Table 4: Retention factor (Rf) of different samples run on TLC silica plate.

Clear spots were detected in lane 2, 4, 5 and 6 in figure 9 corresponding to the sample extracted from BL21 cells with biobrick BBa_K1688000 and standard mono-rhamnolipid 10, 30 respectively 50 μg. The detection spot of BBa_K1688000 had a retention factor 0,82, the same or similar retention factor as the detection spots for standard mono-rhamnolipids (table 4), which confirms mono-rhamnolipid synthesis by BBa_K1688000 in BL21 cells.
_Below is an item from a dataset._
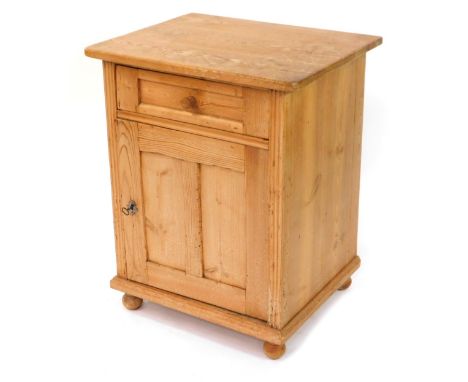 A rustic pine pot cupboard, with a single drawer above a cupboard door, opening to reveal a single shelf, raised on but feet,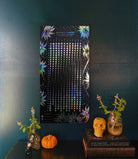 White print of the Moonflowers 2026 Lunar Calendar by Prisma Visions, featuring detailed lunar phases and celestial artwork.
Negative control; BL21 un-transformed in lane 1 (figure 9) showed no spot which is expected as BL21 do not produce biosurfactants naturally. P. putida as a positive control showed no spot. This might be because of too low concentration of rhamnolipids in sample, problems with extraction of rhamnolipids or sample contamination. Low concentration of rhamnolipids in supernatant might be because of used medium and growth conditions.

Conclusion

Although our tests, drop collapse test, CTAB test and TLC, indicated the presence of biosurfactants, rhamnolipids, and mono-rhamnolipids respectively, we still have to perform quantitative assays such as mass spectrometry, HPLC, etc. to identify the concentration of rhamnolipids produced. The data that could be obtained from these assays will help in maintaining the bacterial growth in the degradation reactor. Our future plan is that biosurfactant strains will be used together with the strains that expresses the PAH degrading enzymes. The biosurfactants will break down the clustered PAHs and make them available to degrading enzymes for an efficient degradation.